La definizione di una “moralità” che appartiene all’artista egizio, ma si riflette nell’etica dell’interprete, è per Donadoni il veicolo di una profonda empatia che trasporta l’arte egizia nell’orizzonte contemporaneo. Come in una perpetua osmosi di temi e di valori, il lavoro dell’interprete ha senso solo in quanto si sforzi di ricostruire archeologicamente la moralità dell’artista. Perciò Donadoni ricorre a un linguaggio critico sorvegliato e penetrante, che è tutto del suo (del nostro) tempo, ma finalizzato a trasmettere al lettore quella stessa moralità dell’artista antico che è, con ritmo sempre più incalzante, il Leitmotiv del volume.
La funzione formale della luce innesca alcune delle pagine più felici del libro, come ad esempio quando Donadoni, parlando di «occhi in luce dentro l’orbita in ombra», traduce la tensione ecfrastica della prosa d’arte (che Longhi aveva portato a grandi altezze) in definizione, quasi artigianale, di una «ricerca luministica» plausibile entro l'orizzonte morale del “suo” artista egizio. Altrove, mentre la prosa d'arte resta cornice del discorso, domina lo specifico riferimento alla cultura egizia, e al carattere misto, figurativo e sillabico, della scrittura geroglifica. «Spesso il pittore egizio ha concepito per elementi particolari, che ha affiancato gli uni agli altri, senza interpunzioni». E subito spiega : «come tocca a noi interpungere i testi, così tocca a noi interpungere le figurazioni», dove per “interpunzione” s’intende l'organizzazione dello spazio, la gerarchia rappresentativa, la strategia compositiva, dato che anche dove «il ritmo è l'elemento protagonista, la composizione è il problema che l'artista si è posto», e che la composizione coinvolge «la nitida definizione delle membra, la compostezza e l'equilibrio dei corpi».

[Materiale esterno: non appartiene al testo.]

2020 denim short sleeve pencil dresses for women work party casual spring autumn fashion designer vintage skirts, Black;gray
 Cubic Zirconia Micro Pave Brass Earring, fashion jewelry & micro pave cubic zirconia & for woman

Nella bellissima intervista concessa ad Antonio Gnoli e pubblicata su Repubblica (21.6.2015), Donadoni evocava i suoi studi pisani, il fascino di docenti come Bianchi Bandinelli e Marangoni, la frequentazione a Parigi di Gianfranco Contini («nessuno, lo dico con la massima riconoscenza, mi è stato di insegnamento come lui»). Ricordando un incontro con Berenson (che lo volle incontrare dopo aver letto Arte egizia, «colpito dall’ottimismo e dalla competenza con cui era stato scritto», Donadoni si riallaccia alle sue intenzioni del 1948: discorrere di arte egizia con l’austero bagaglio di uno specialista, ma con vastissima curiosità intellettuale, con l’ansia morale e civile di proporre al suo tempo la cultura figurativa dell’antico Egitto come un patrimonio a tutti comune. Questo il messaggio che ci lascia Sergio Donadoni: un impeto civile a comprendere a fondo l’arte di un’altra età, ma attraverso i linguaggi e i problemi del nostro tempo.